→ **Exercise details**:
Repeat all the lines below exactly, but omit the pictures.

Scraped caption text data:
[Start of section]
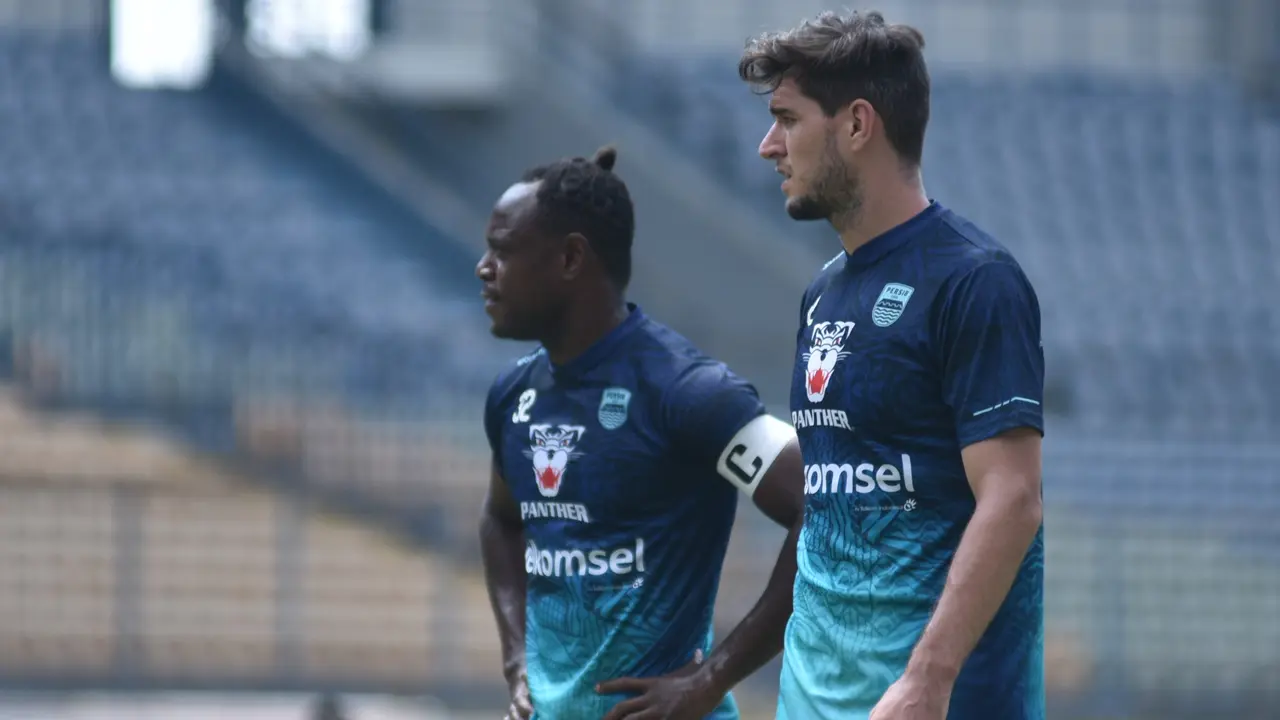 Persib Bandung, Nick Kuipers, Victor Igbonefo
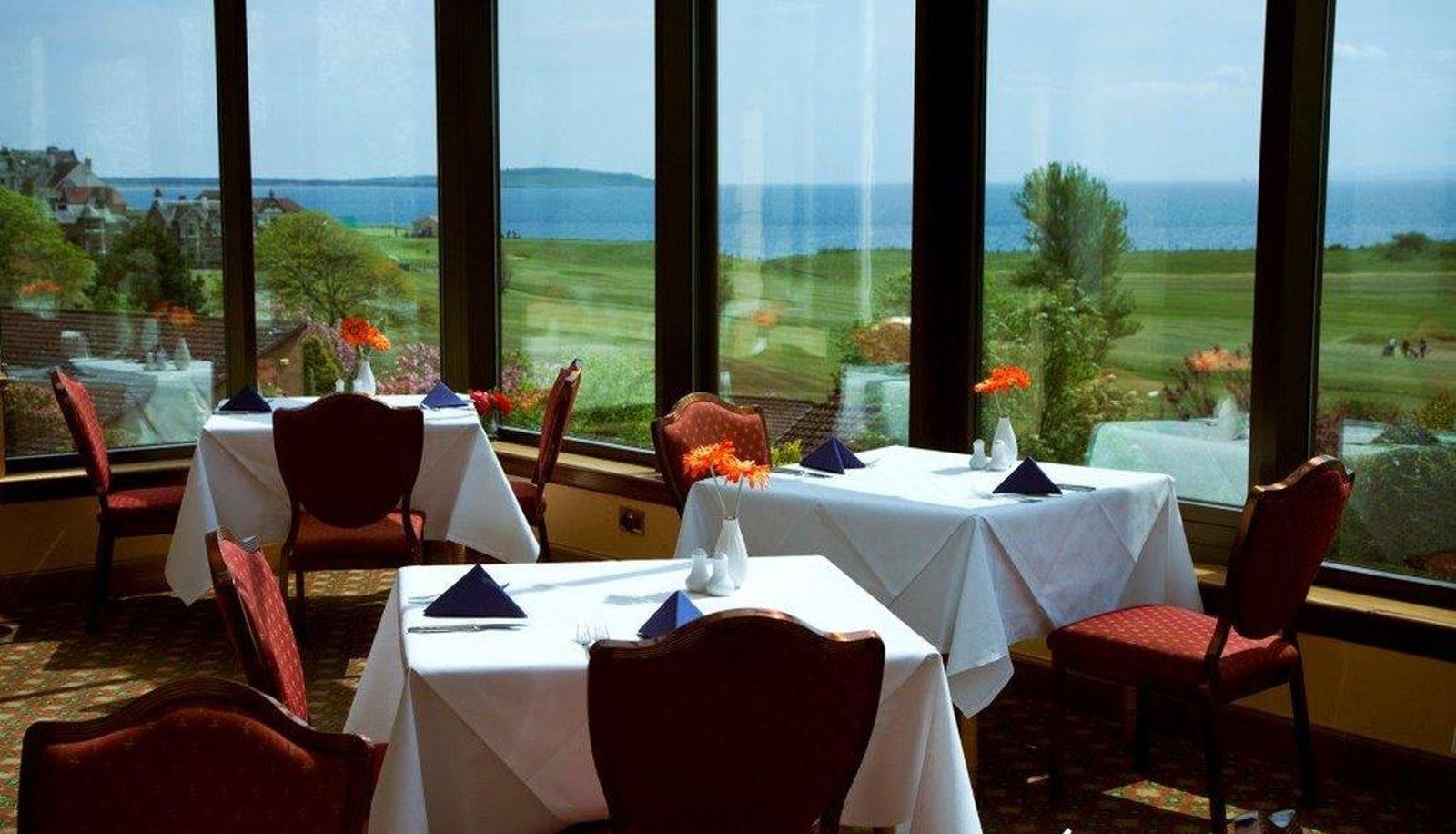 Restaurant - ON HOLD Old Manor Hotel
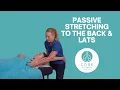 Passive stretching to the back - in stretching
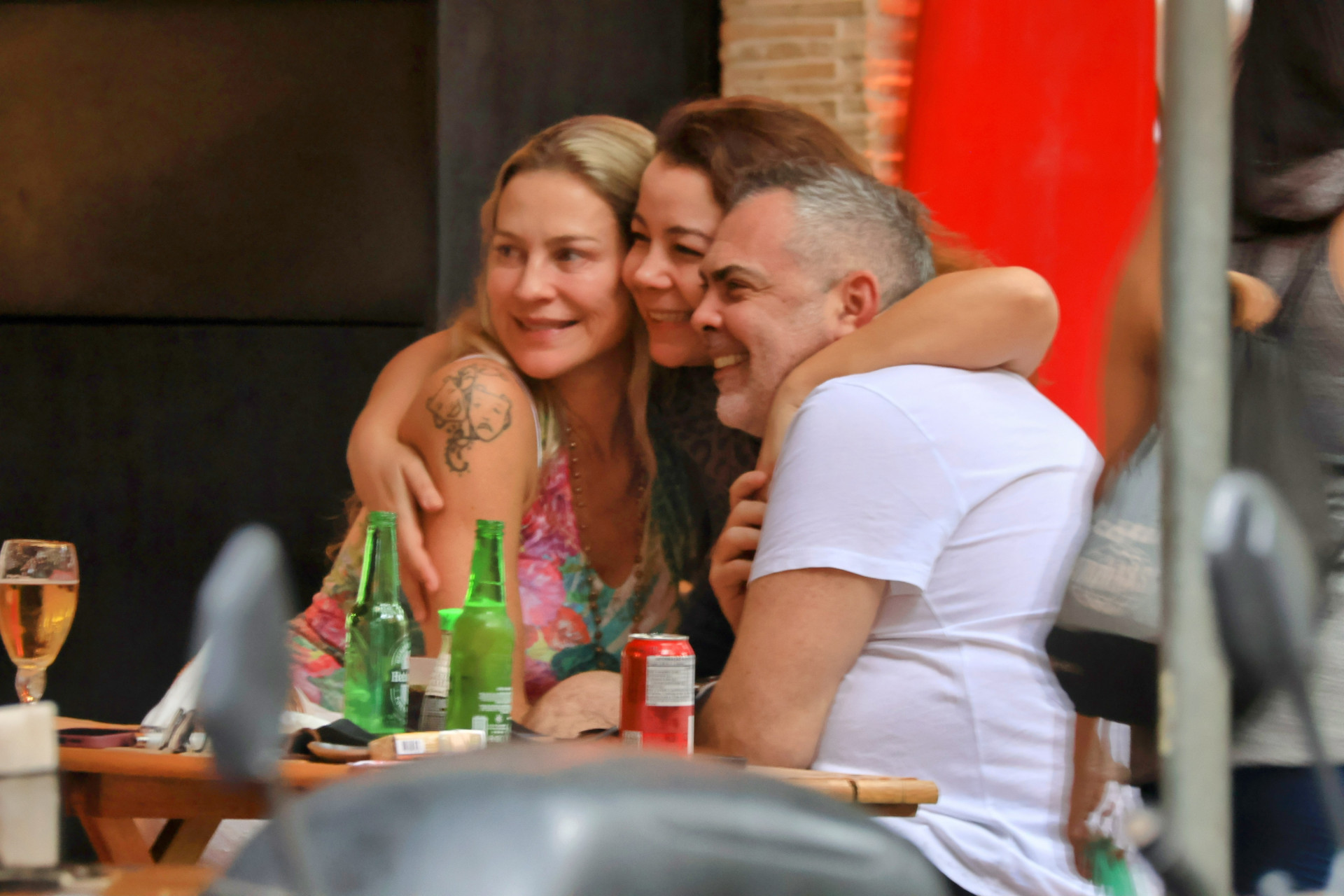 Luana Piovani se diverte com amigos em barzinho no Rio 


 - Dan Delmiro / Agnews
[End of section]
→ **Written answer**:
 Persib Bandung, Nick Kuipers, Victor Igbonefo
 Restaurant - ON HOLD Old Manor Hotel
 Passive stretching to the back - in stretching
 Luana Piovani se diverte com amigos em barzinho no Rio 


 - Dan Delmiro / Agnews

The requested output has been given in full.